(Recorded information Opens)
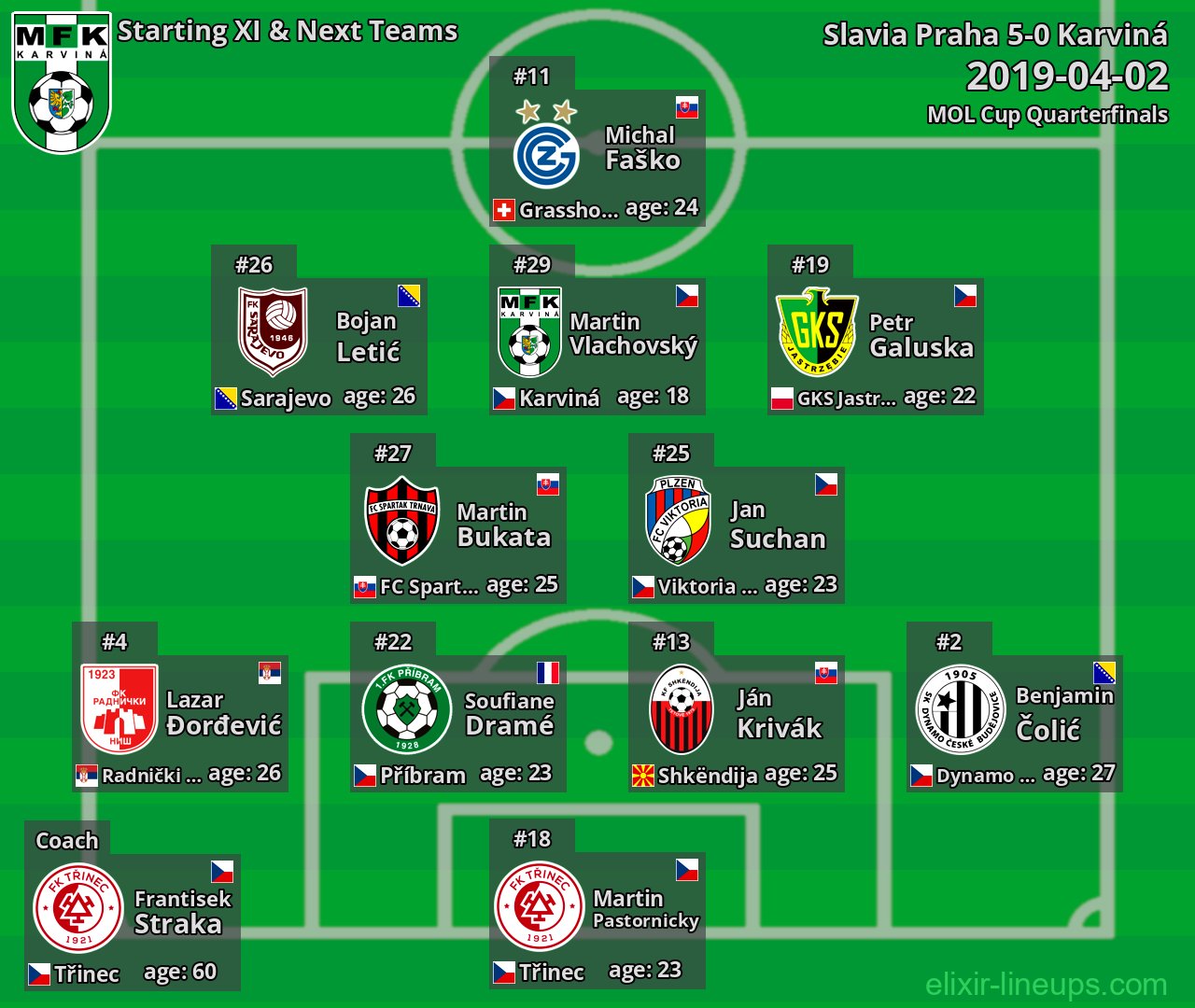 Karviná Starting XI & Next Teams 2019-04-02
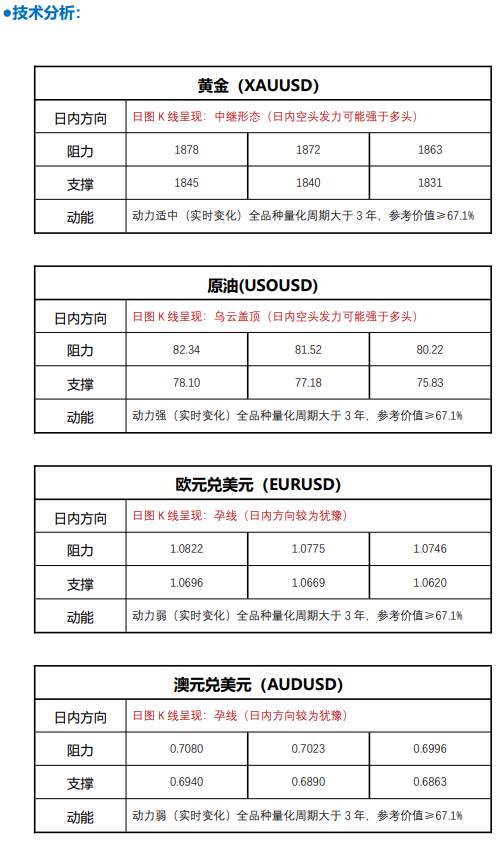 FPG 财盛国际：美 CPI 结果大概率走高，日内黄金恐将承压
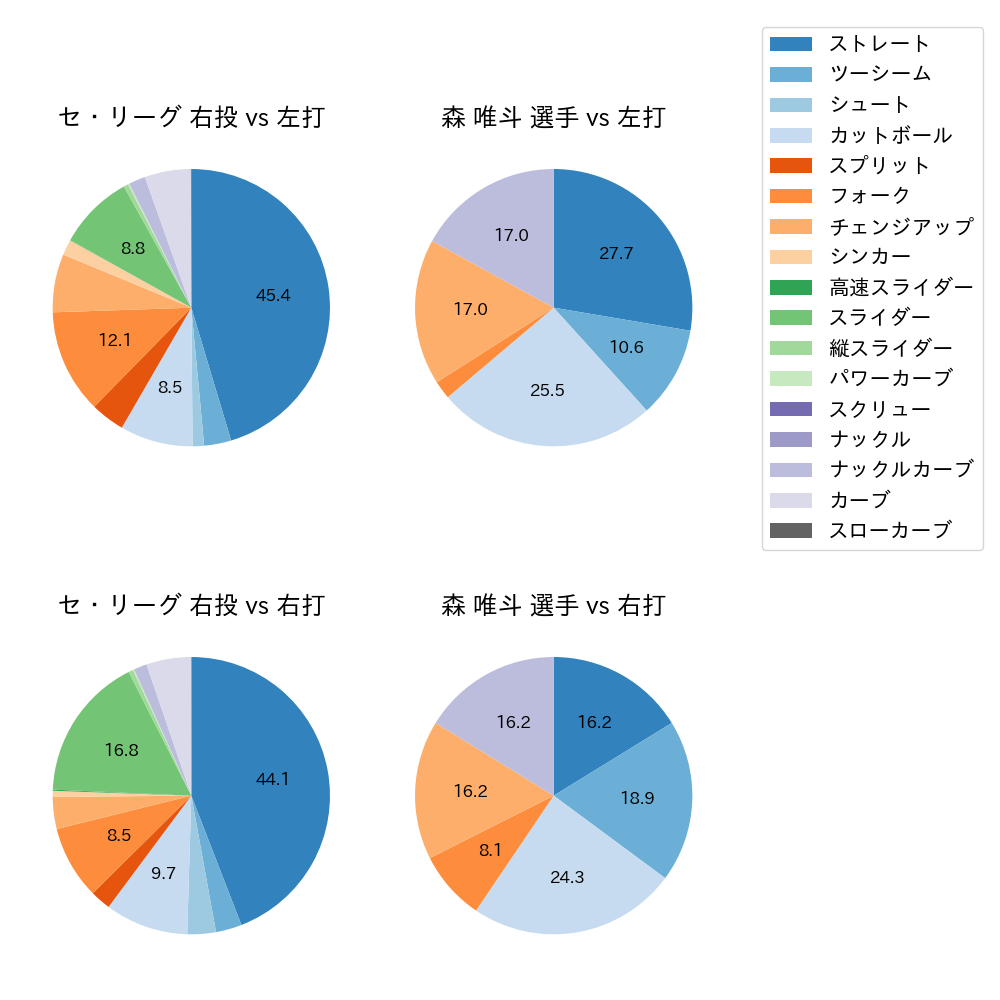 森 唯斗 球種割合(2025年レギュラーシーズン全試合)
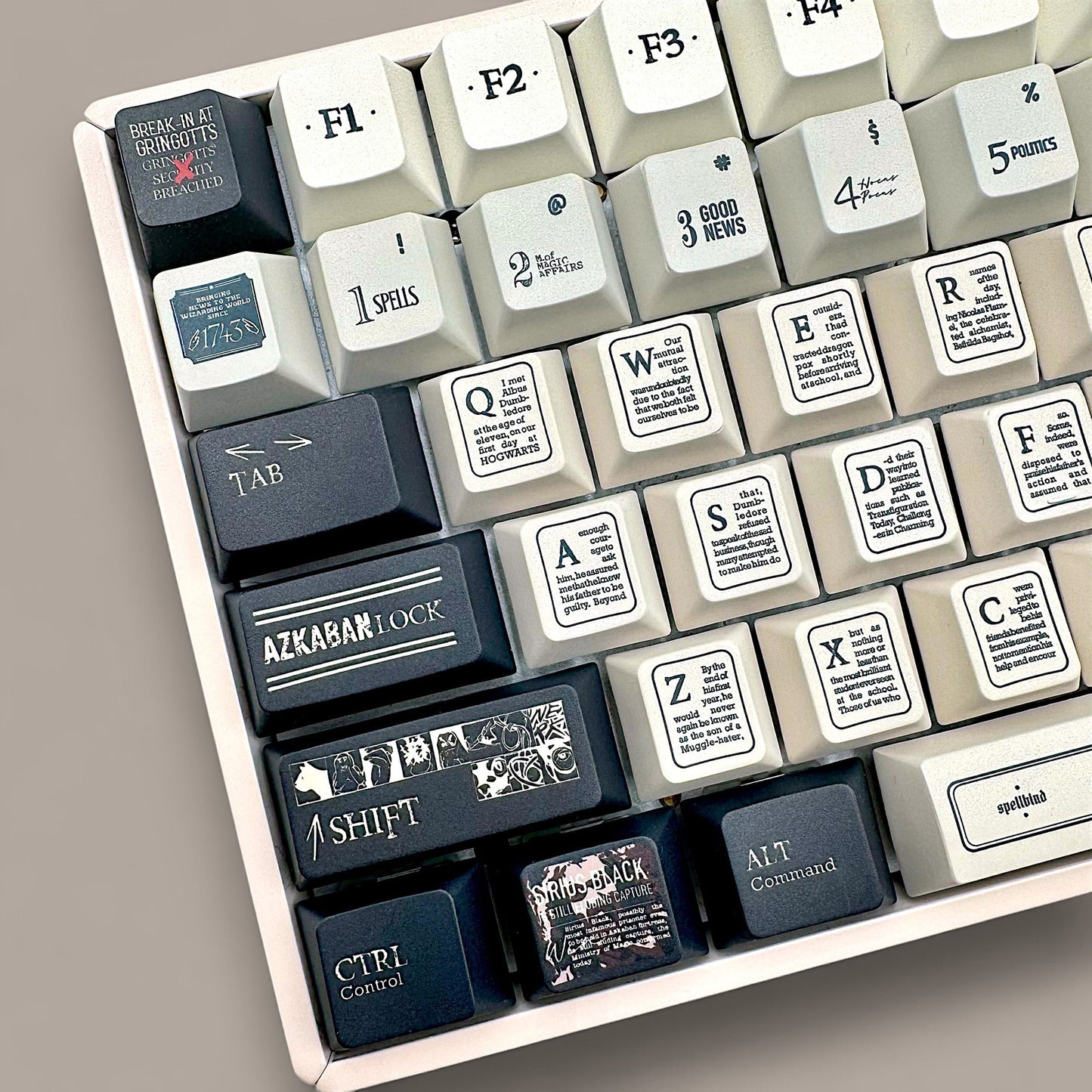 Daily Prophet Keycap Set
(Recorded information Closes)
→ **Required action**:
Without including the pictures, copy all of the data exactly.

→ **Finished task**:
 Karviná Starting XI & Next Teams 2019-04-02
 FPG 财盛国际：美 CPI 结果大概率走高，日内黄金恐将承压
 森 唯斗 球種割合(2025年レギュラーシーズン全試合)
 Daily Prophet Keycap Set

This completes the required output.